§ What needs to be done
After locating the line that contains "Elephant Shubh-Labh Hanging: Diwali" in the data below, set down exactly that line and each one after it through the line that contains "Платье-мини ASOS DESIGN", and nothing more.

* * * * *

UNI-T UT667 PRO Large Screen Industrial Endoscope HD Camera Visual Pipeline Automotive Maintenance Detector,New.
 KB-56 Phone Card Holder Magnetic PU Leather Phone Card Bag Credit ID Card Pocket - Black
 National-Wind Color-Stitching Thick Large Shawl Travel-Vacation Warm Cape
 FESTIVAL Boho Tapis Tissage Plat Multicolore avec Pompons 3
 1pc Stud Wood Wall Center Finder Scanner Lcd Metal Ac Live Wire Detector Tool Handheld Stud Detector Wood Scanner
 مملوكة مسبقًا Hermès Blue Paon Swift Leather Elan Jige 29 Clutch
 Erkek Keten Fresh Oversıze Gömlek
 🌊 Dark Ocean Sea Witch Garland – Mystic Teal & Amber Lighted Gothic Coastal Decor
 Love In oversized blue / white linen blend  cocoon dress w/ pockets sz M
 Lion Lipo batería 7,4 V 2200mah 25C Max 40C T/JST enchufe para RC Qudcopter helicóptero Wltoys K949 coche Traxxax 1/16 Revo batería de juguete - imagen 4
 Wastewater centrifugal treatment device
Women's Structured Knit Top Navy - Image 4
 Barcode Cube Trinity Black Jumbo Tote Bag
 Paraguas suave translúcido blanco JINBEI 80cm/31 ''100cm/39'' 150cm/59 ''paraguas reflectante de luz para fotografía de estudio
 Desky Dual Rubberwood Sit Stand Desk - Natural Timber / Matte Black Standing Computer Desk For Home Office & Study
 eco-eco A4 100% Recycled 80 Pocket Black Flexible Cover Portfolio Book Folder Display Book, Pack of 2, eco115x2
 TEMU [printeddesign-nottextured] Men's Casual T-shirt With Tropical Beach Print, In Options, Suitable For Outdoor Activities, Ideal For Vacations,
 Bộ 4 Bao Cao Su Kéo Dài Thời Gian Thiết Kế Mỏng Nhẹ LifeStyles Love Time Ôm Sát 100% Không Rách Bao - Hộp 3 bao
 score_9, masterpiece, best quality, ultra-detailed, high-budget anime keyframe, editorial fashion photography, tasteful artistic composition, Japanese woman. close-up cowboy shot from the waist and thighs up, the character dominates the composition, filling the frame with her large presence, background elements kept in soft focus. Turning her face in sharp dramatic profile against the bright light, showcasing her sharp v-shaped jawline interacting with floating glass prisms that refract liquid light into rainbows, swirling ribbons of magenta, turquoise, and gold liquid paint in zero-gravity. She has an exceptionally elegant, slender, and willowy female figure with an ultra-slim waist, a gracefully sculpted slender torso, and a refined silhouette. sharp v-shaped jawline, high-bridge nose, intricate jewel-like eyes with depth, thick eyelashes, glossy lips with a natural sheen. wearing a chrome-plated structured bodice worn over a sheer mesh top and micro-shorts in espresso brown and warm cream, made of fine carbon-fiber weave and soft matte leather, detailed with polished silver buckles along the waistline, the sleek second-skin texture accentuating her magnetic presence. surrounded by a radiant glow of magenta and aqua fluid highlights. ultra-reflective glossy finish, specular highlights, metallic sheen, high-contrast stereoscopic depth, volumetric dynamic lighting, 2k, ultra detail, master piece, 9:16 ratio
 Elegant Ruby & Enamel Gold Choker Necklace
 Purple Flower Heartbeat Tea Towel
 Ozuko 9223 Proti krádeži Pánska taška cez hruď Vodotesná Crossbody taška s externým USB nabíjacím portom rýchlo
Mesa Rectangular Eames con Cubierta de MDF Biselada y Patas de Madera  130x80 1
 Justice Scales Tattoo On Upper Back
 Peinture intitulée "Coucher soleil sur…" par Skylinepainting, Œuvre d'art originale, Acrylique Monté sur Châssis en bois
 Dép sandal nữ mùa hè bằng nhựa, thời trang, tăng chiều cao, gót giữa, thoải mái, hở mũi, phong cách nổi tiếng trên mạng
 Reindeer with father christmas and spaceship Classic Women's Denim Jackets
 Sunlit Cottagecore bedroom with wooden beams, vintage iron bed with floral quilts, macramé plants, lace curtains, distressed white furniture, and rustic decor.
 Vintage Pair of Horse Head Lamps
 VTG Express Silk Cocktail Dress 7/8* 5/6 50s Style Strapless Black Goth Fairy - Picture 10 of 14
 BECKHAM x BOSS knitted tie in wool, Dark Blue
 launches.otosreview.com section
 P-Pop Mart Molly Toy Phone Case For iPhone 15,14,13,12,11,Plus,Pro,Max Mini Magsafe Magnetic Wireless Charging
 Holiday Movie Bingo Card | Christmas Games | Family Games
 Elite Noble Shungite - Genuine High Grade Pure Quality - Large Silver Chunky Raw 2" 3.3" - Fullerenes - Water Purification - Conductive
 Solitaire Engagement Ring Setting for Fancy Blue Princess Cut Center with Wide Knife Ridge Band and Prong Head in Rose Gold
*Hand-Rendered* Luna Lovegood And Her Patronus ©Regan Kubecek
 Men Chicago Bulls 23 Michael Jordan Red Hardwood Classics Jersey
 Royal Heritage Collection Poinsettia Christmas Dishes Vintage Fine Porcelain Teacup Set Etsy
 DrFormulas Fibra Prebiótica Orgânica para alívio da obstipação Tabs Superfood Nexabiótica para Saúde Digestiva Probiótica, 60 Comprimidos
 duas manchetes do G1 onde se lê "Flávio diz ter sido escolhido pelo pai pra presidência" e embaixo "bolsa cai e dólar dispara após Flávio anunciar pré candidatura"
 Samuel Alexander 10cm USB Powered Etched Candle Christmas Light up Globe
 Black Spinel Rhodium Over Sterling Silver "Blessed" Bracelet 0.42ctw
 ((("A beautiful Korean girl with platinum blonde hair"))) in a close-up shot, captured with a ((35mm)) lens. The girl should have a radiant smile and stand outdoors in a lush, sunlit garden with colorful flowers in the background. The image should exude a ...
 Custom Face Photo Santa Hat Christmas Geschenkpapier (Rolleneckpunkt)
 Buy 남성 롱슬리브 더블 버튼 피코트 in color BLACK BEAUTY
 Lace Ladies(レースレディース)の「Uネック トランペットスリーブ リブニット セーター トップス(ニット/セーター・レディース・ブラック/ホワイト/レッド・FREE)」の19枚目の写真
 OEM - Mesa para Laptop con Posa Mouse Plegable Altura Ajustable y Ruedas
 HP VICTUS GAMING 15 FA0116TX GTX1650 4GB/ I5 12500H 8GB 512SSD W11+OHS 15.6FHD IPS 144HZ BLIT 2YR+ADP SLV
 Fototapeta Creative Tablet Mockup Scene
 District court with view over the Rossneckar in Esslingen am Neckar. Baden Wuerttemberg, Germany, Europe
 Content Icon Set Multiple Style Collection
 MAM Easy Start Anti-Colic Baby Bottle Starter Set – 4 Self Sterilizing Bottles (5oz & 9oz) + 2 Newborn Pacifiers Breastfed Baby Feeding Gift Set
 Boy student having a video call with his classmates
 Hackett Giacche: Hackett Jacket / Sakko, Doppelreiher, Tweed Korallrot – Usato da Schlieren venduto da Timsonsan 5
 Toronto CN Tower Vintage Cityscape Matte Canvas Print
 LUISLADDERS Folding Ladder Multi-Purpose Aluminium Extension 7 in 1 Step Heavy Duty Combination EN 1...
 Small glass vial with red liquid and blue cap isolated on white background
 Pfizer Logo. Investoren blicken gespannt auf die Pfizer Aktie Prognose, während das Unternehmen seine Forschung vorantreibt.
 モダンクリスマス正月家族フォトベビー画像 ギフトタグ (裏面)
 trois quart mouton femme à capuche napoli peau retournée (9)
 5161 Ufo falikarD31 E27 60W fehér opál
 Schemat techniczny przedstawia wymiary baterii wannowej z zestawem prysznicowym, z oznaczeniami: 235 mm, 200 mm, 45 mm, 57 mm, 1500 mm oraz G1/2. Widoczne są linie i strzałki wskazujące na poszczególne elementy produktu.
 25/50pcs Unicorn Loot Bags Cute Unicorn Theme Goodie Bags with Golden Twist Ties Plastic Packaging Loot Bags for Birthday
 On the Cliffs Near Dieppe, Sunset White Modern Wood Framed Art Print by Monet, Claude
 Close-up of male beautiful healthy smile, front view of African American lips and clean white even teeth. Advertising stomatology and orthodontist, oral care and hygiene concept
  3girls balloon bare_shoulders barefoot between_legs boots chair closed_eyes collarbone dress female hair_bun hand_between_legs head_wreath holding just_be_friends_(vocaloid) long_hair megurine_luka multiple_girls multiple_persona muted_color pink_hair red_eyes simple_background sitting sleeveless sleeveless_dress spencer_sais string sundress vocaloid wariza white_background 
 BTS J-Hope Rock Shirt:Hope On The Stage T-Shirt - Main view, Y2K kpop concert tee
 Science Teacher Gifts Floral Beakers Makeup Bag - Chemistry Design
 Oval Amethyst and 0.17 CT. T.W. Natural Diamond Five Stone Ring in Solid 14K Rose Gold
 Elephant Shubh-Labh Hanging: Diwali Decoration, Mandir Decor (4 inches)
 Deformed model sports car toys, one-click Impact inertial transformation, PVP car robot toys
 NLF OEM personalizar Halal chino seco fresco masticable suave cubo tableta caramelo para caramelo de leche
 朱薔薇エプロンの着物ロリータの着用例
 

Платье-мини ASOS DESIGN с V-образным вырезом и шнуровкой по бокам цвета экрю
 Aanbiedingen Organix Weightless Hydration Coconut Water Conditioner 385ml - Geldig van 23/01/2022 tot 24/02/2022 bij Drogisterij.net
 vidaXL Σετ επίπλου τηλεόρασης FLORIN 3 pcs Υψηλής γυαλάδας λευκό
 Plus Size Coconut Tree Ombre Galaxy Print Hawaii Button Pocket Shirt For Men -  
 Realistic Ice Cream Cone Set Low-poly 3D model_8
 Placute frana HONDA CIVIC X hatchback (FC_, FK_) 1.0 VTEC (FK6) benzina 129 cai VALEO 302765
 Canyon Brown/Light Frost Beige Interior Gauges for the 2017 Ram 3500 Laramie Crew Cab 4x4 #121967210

* * * * *

§ Task solution
 Elephant Shubh-Labh Hanging: Diwali Decoration, Mandir Decor (4 inches)
 Deformed model sports car toys, one-click Impact inertial transformation, PVP car robot toys
 NLF OEM personalizar Halal chino seco fresco masticable suave cubo tableta caramelo para caramelo de leche
 朱薔薇エプロンの着物ロリータの着用例
 

Платье-мини ASOS DESIGN с V-образным вырезом и шнуровкой по бокам цвета экрю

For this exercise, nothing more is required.